NEW YORK (WSI) – Il calo continuo dei prezzi del petrolio e i costi dellla guerra in Yemen, il paese confinante dove sono andati a impelagarsi, potrebbero costare caro agli sceicchi sauditi al potere.
Migliaia di vittime tra i civili hanno attirato l’attenzione delle potenze occidentali sulla campagna militare saudita in Yemen. Anche se l’opinione pubblica pare ancora dalla parte dell’Arabia Saudita, la guerra sembra giunta a un punto morto. Tanto che le autorità di Riyad hanno iniziato a discutere della possibilità di negoziare una tregua. Ma il fatto è che i sauditi dovranno in quel caso ricostruire un paese povero che hanno demolito a suon di operazioni discutibili finanziate da fiumi di petrodollari.
“C’è molta frustrazione per come hanno gestito e condotto la campagna militare”, dice al Financial Times un alto funzionario occidentale.
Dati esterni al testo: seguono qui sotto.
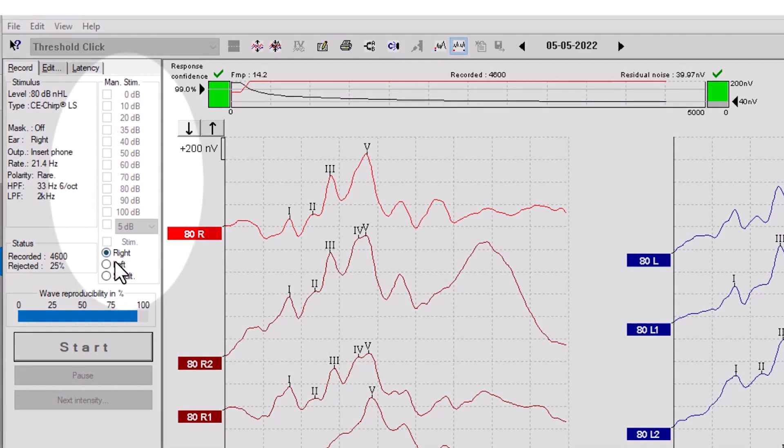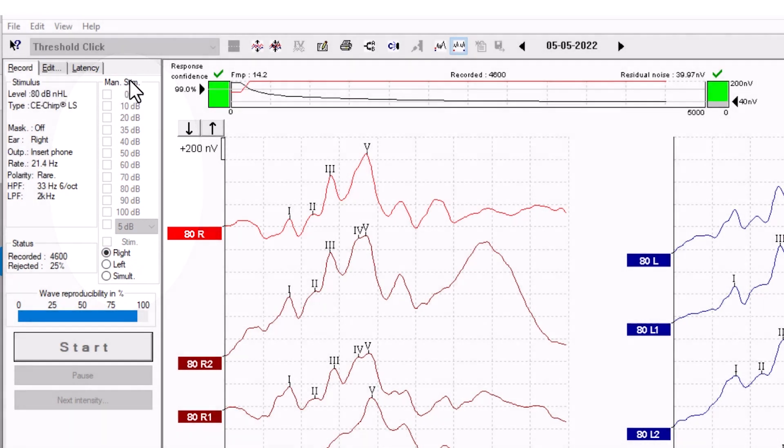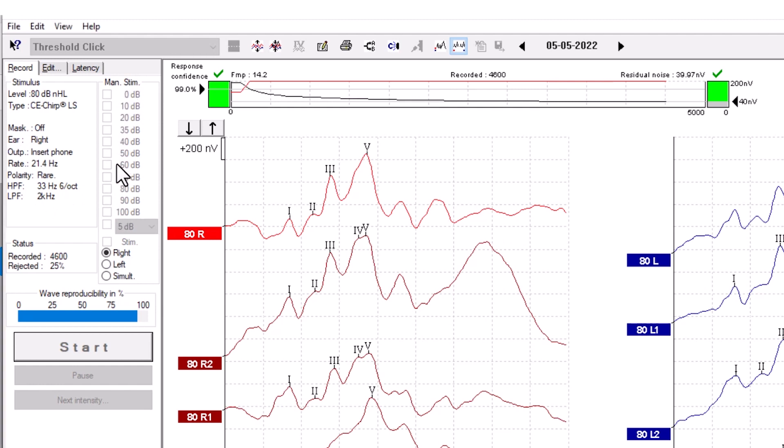This tab to the right of the stimulus window is called Manual Stimulation, which allows you to choose what intensity you want to stimulate with. Select the intensity and press Start.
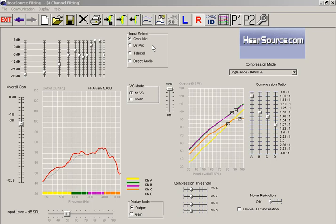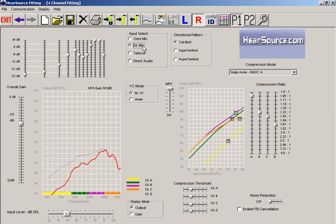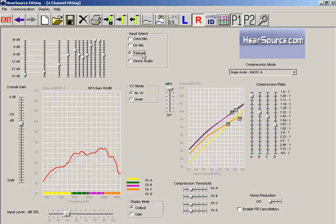We have the Omni microphone, we have directional microphone, we have the telecoil, sometimes referred to as either telephone mode or T-coil, and then we also have the direct audio option.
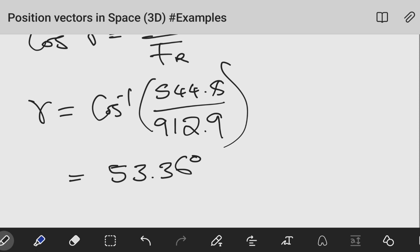So we've obtained the directional angles alpha, beta, and gamma which describe the direction of the resultant, and we've also obtained the magnitude of the resultant force at point A. Hope you were able to follow through — we'll see you in the next tutorial.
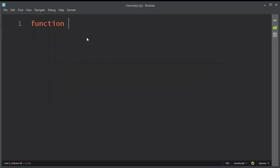Let's make a function, let's call it factorial. Our function is going to have one argument.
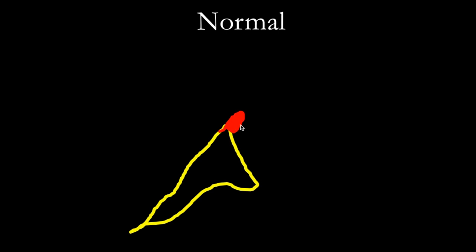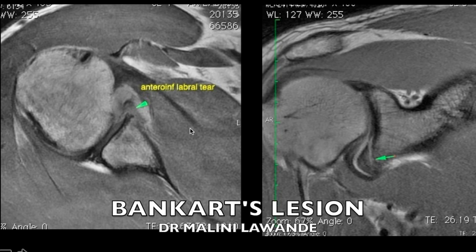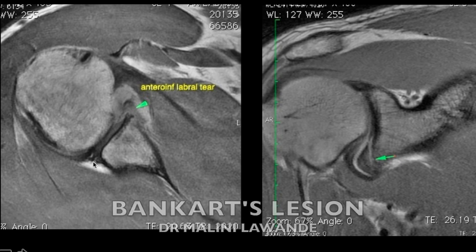On an axial image, this is how the normal labrum is seen in relation to the glenoid. If there is a tear of the anterior inferior labrum and the periosteum attaching to the bone is also torn, it is a cartilaginous or fibrous Bankart lesion. We do not do arthrograms anymore since quite a number of years, because with high-resolution imaging — especially with 3 Tesla — it is possible to get very high resolution proton density images which can show the labral tear very well. Here you can clearly see the posterior labrum is normal, while there is an anterior inferior labral tear.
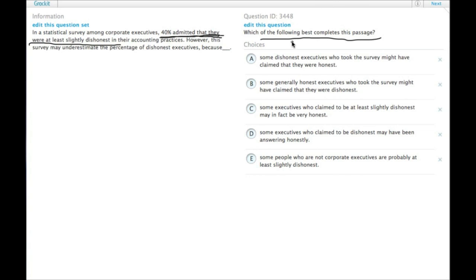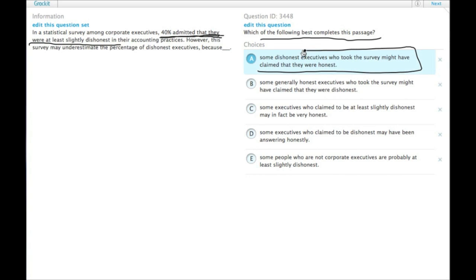Let's look at answer A: Some dishonest executives who took the survey might have claimed that they were honest. Actually, that would exactly underestimate - that would be the way we would underestimate the number who were actually at least a little dishonest. Choice A.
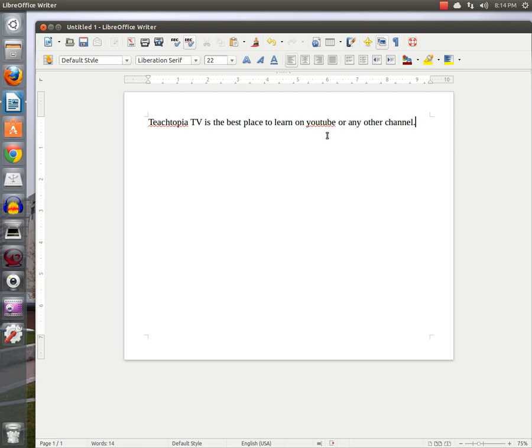This was Jody from Teachtopia TV with a brief tutorial on how to change your document from Portrait to Landscape. Goodbye.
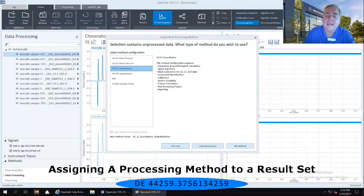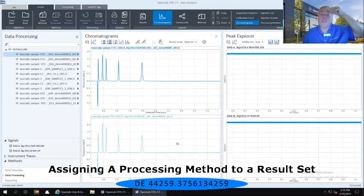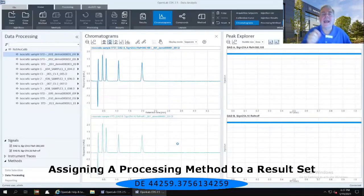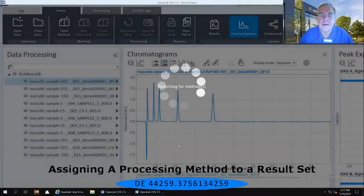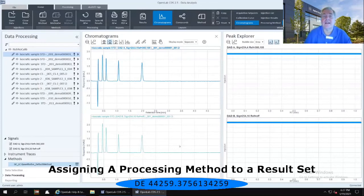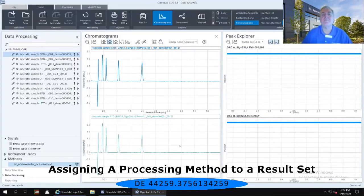I want you to select the link only, because I want to show you that when you link a processing method to a set of data and you do not reprocess that set of data, notice that the chromatograms themselves have no integrated results. So you haven't done any type of data analysis.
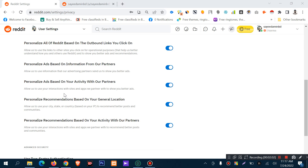Another option allows Reddit to use information from advertisers to show you better ads. When we create an account on Reddit, we put a lot of digital footprint on Reddit and other social sites. This digital footprint can be used to optimize the ads shown on your profile.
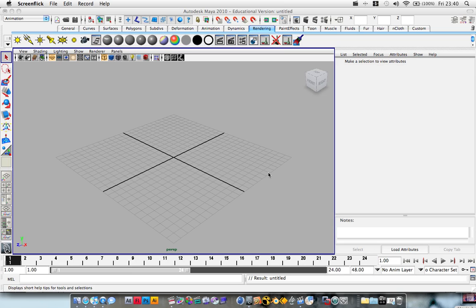Hey guys, a quick tutorial here just on animating cameras using your views in Maya, so let's jump straight in.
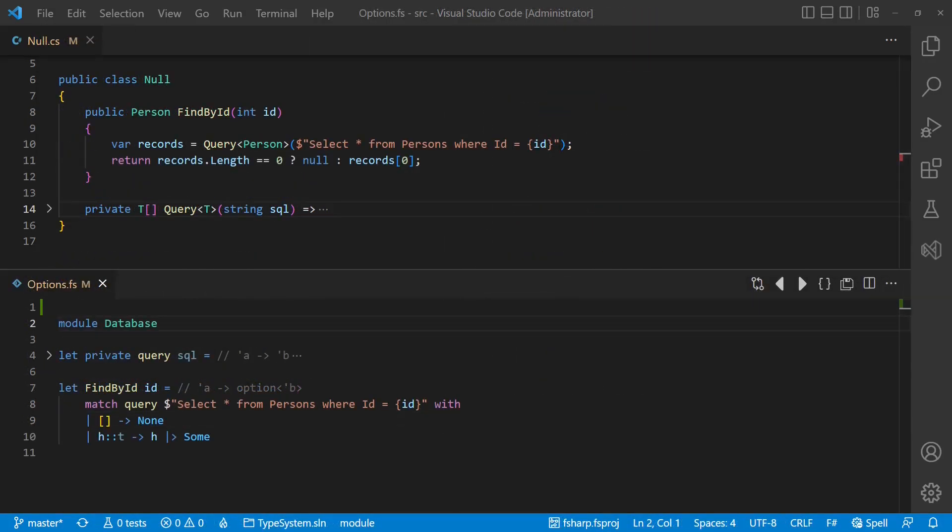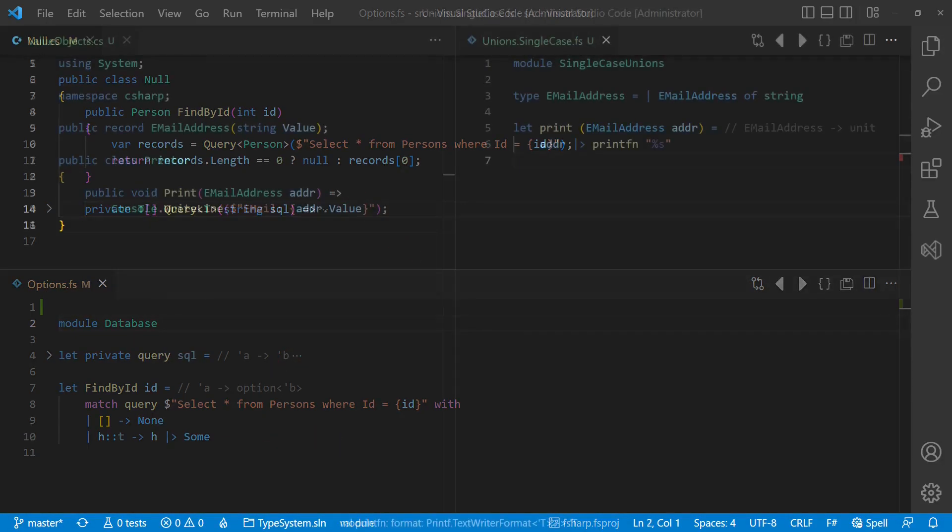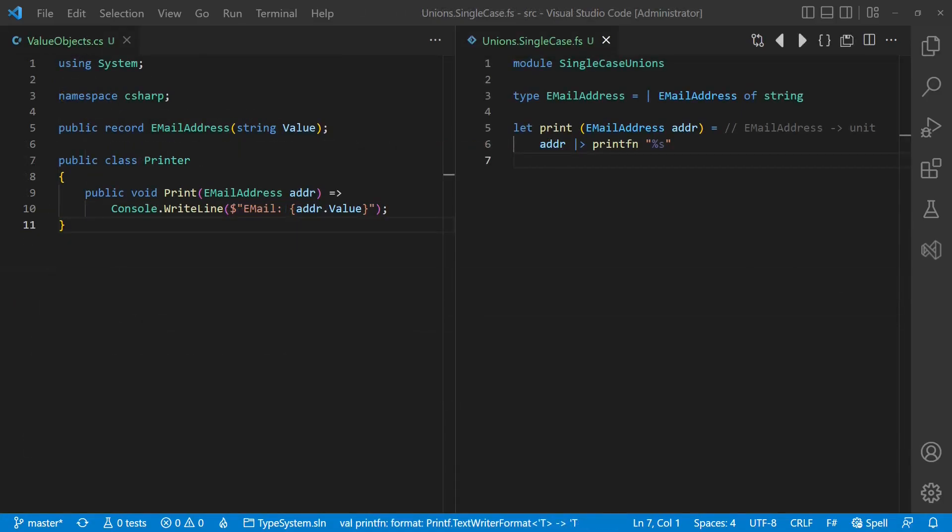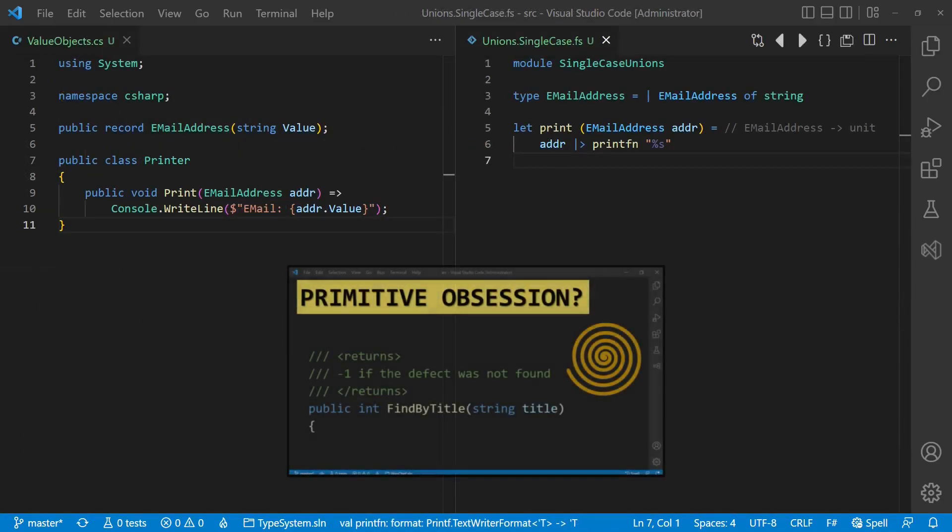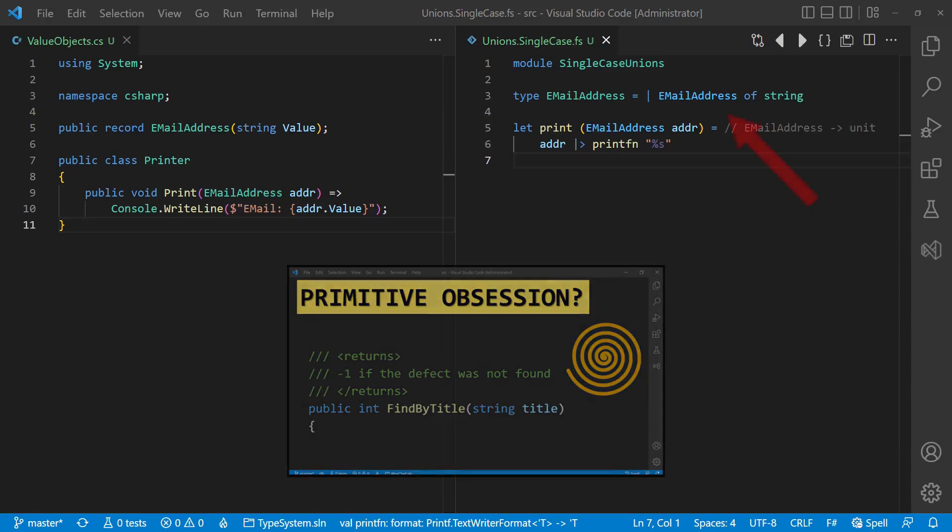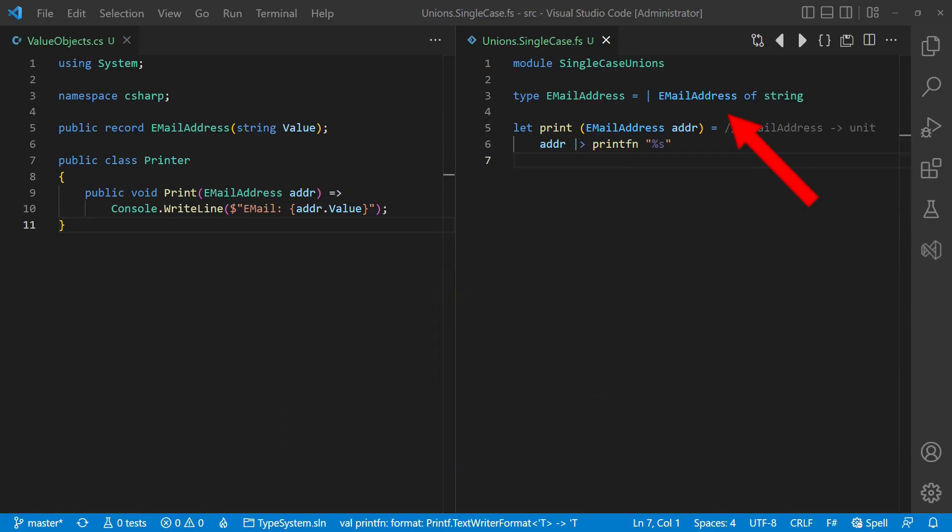The most used and built-in union type in F-Sharp is probably the option type, which allows us to express much more explicitly the absence of a valid value than returning simply null, which is still a common anti-pattern in C-Sharp. Last but not least, union types are a great tool to address the primitive obsession issue discussed in this video by defining so-called single case unions.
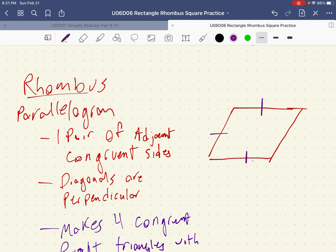And because it's a parallelogram, the opposite sides are also congruent, which means all four sides are congruent. So that's also a property of a rhombus — all four sides are congruent.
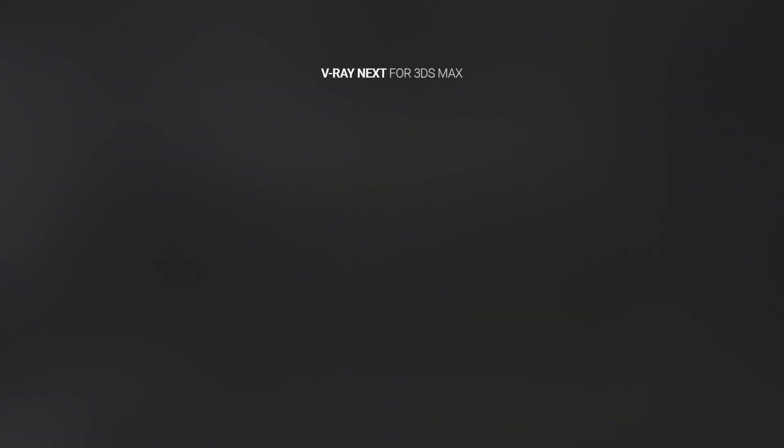Here's a quick look at what's new in V-Ray Next with 3D Studio Max. It's smarter, faster, and more powerful than ever before.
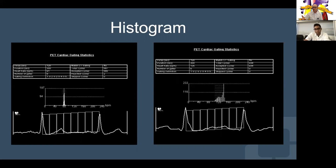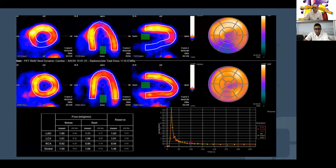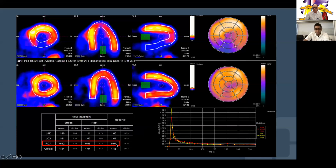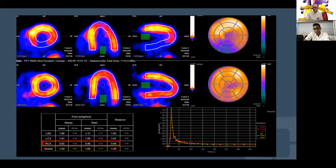Looking at myocardial blood flow, the stress and rest values show: LAD flow reserve 1.6, circumflex 1.61, and RCA significantly low at 0.94, with a global reserve of 1.46. Normal threshold is approximately 1.7-1.8. The RCA value is significantly low, consistent with all the imaging findings seen so far.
I diplomatici di Usa ed Europa temono che i jihadisti abbiano sfruttato il conflitto armato per ampliare la loro presenza nel territorio.
Gli osservatori di geopolitica più attenti hanno capito che la campagna saudita in Yemen ha anche rafforzato il sentiment anti sciita nell’Arabia Saudita, paese a guida sunnita, dove una minorità sciita – lo stesso ramo della religione islamica che fa capo a Iran, Hezbollah e governo siriano – è messa ai margini.
“L’odio verso la Siria e le divergenze settarie sono all’origini del conflitto. È grazie a questi due elementi che il regno saudita è riuscito a costruire il sostegno alle forze ribelli in Yemen.
L’impegno militare all’esterno più la contrazione dei ricavi provenienti dal commercio di oro nero hanno inflitto un uno due pesante sull’economia. Le spese folli degli anni passati non sono più sostenibili. Il regno saudita è stato costretto a ridurre la spesa pubblica di 80 miliardi di dollari, a 267 miliardi. Inoltre, le autorità stanno valutando l’idea di aumentre le tasse o per lo mento abbattere i sussidi energetici in vigore.
Lo spettro dell’Iran
Anche se si arriva alla pace, il braccio di ferro con l’Iran nella regione non perderà di intensità, ma si sposterà solo in altre arene di combattimento, in primis in Siria, dove i sauditi sono schierati dalla parte dei ribelli e l’Iran sostiene il regime di Assad.
“Siamo ossessionati dall’iran”, ha ammesso un osservatore politico saudita. “Per noi l’Iran è una questione di sicurezza nazionale“.
I giovani cittadini dell’Arabia Saudita, dove il 60% della popolazione ha meno di 30 anni, vorrebbero vedere un cambiamento radicale verso un’economia più moderna e una politica estera più in linea con le loro ambizioni. Vorrebbero che Ryiad diventi un regno amico degli Stati Uniti, ma con maggiore autonomia, che benefici del ricco patrimonio di risorse petrolifere, ma che non faccia affidamento unicamente sui ricavi provenienti dall’oro nero.
Il primo test a cui devono rispondere i monarchi riguarda l’implementazione di una serie di misure di riforma, sul piano economico e della sicurezza. La guerra in Yemen non ha ispirato fiducia nelle capacità di strategia militare dei sauditi, mentre il crollo del greggio continua a mettere sotto pressione il governo, che sta pensando di imporre misure di austerity.
Il momento è quanto mai delicato. Per scongiurare una Primavera Araba intestina, l’Arabia Saudita ha un bisogno disperato di riformarsi e farlo in fretta. I cambiamenti sopracitati voluti dalla gente – maggiore rappresentanza del popolo, libertà di parola e lotta alla corruzione dell’élite reale – non fanno parte della visione del futuro che ha la monarchia.
Dieci mesi dopo essere salito sul trono, King Salman bin Abdulaziz, 79 anni, ha il compito gravoso di gestire una nuova era per l’Arabia Saudita. Una popolazione molto giovane dove già regna il malcontento difficilmente accetterà di buon grado un round di misure di austerity. La situazione critica attuale potrebbe diventare incandescente.